WHAT IS REQUIRED> The listing below is to be duplicated exactly, with every picture omitted.

MATERIAL PROVIDED>
════════════════════

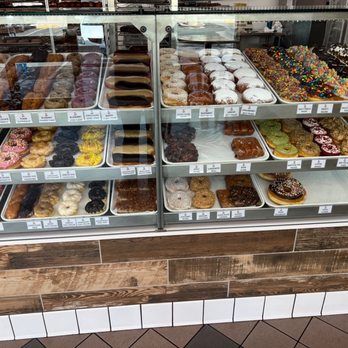 Randy's Donuts - Donuts - Donuts Near Me - Las Vegas, Nevada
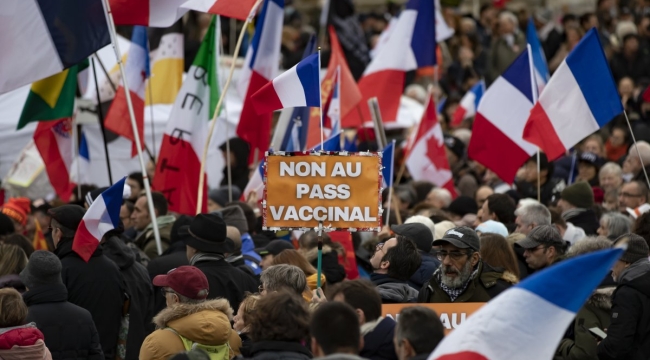 Fransa'da aşı karşıtlığı protestoları devam ediyor 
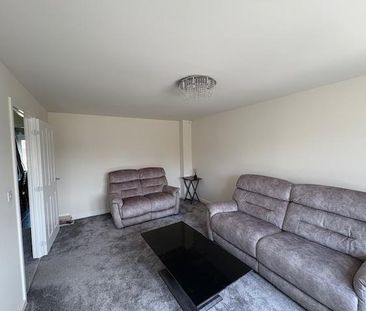 4 bedroom detached house to rent - Photo 2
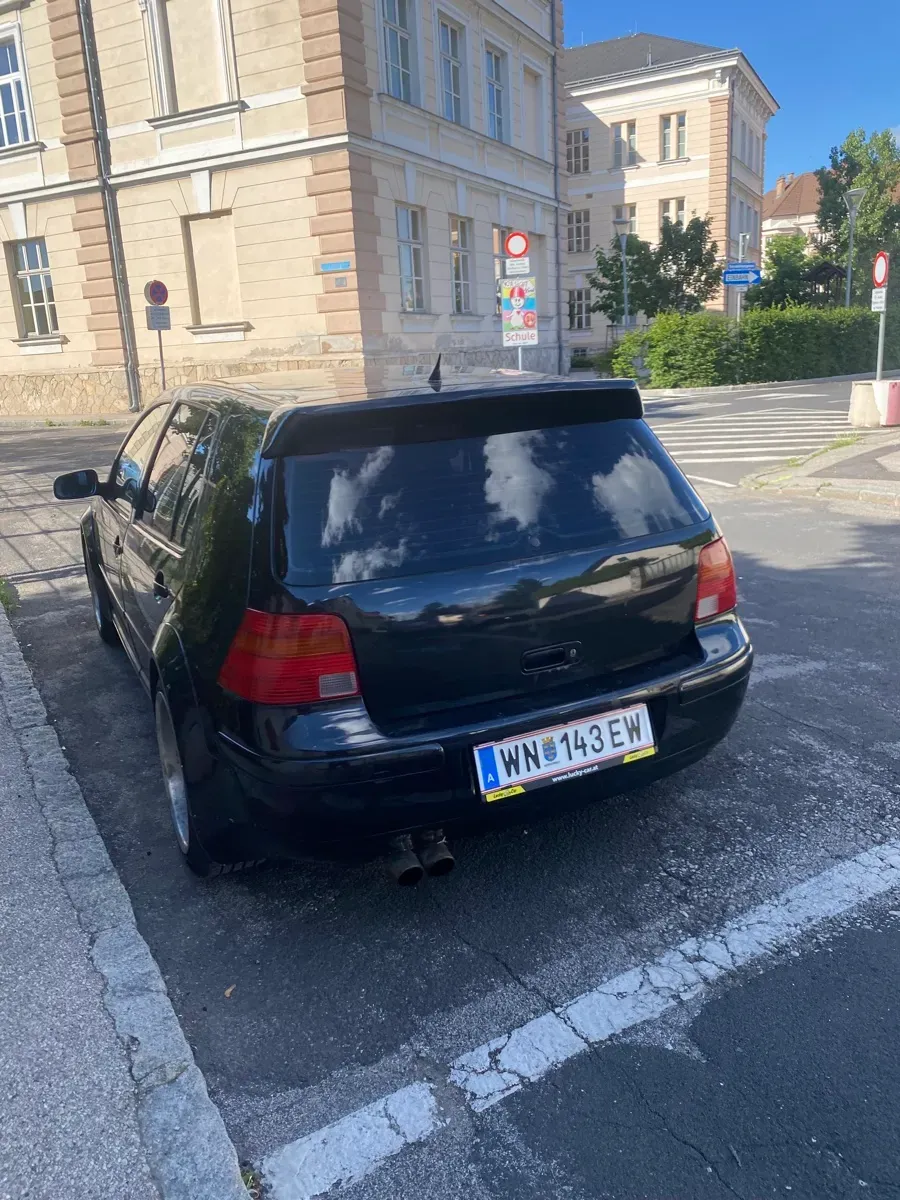 Volkswagen Golf 2000 photo 2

════════════════════

EXERCISE SOLUTION>
 Randy's Donuts - Donuts - Donuts Near Me - Las Vegas, Nevada
 Fransa'da aşı karşıtlığı protestoları devam ediyor 
 4 bedroom detached house to rent - Photo 2
 Volkswagen Golf 2000 photo 2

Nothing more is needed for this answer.